- What you are asked to do: Please go line by line and repeat the data below exactly, with no images.

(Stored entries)
§ §

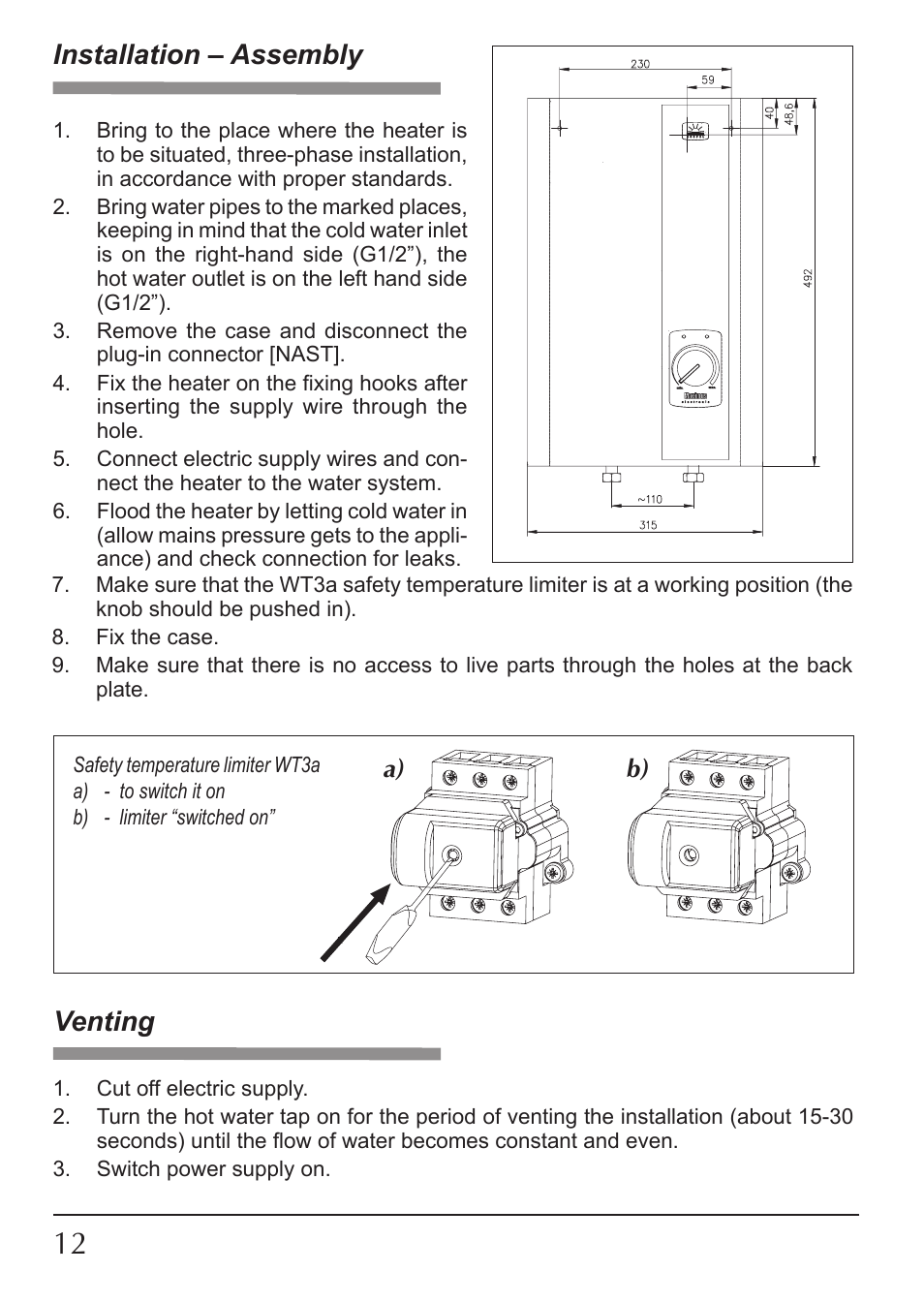 Installation – assembly, Venting, A) b) | KOSPEL EPP Maximus User Manual | Page 12 / 24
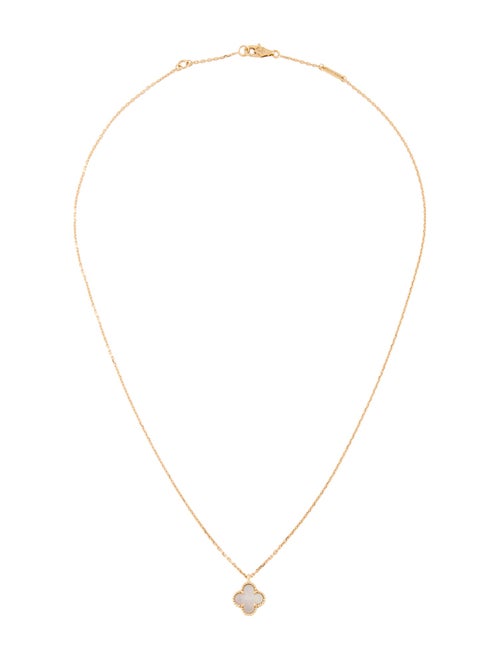 Van Cleef & Arpels Mother Of Pearl Sweet Alhambra Pendant Necklace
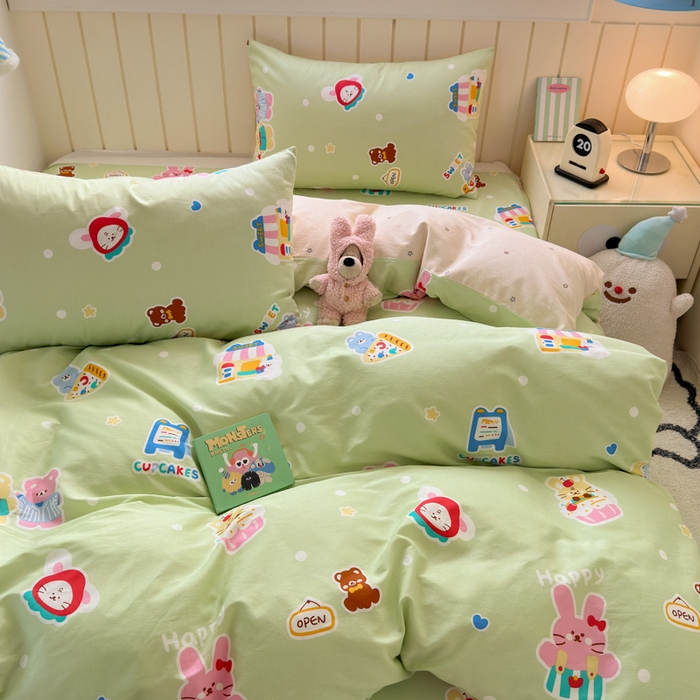 91家纺网 家纺一手货源 找家纺 典曼家纺 2025新款40支学生季卡通印花四件套 趣味熊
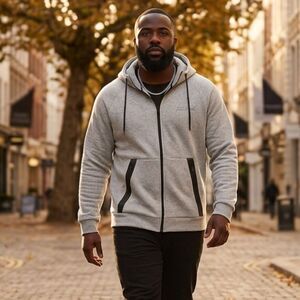 NWT Full Send Unisex Gray Fitness Track Full Zip Hoodie Jacket - Size Medium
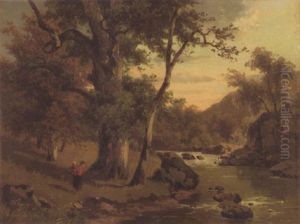 Mutter Mit Kind An Einem Waldigen Flusufer by Friedrich Wilhelm Schreiner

§ §

- Answer box:
 Installation – assembly, Venting, A) b) | KOSPEL EPP Maximus User Manual | Page 12 / 24
 Van Cleef & Arpels Mother Of Pearl Sweet Alhambra Pendant Necklace
 91家纺网 家纺一手货源 找家纺 典曼家纺 2025新款40支学生季卡通印花四件套 趣味熊
 NWT Full Send Unisex Gray Fitness Track Full Zip Hoodie Jacket - Size Medium
 Mutter Mit Kind An Einem Waldigen Flusufer by Friedrich Wilhelm Schreiner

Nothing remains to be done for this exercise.